● **SOURCE MATERIAL**
┄┄┄┄┄┄┄┄┄┄┄┄┄┄┄┄┄┄┄┄

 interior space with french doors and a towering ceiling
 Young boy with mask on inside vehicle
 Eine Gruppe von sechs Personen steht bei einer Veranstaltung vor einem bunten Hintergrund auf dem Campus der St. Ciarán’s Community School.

┄┄┄┄┄┄┄┄┄┄┄┄┄┄┄┄┄┄┄┄

● **THE PROBLEM**
Could you repeat all of the material above exactly?

● **ANSWER SECTION**
 interior space with french doors and a towering ceiling
 Young boy with mask on inside vehicle
 Eine Gruppe von sechs Personen steht bei einer Veranstaltung vor einem bunten Hintergrund auf dem Campus der St. Ciarán’s Community School.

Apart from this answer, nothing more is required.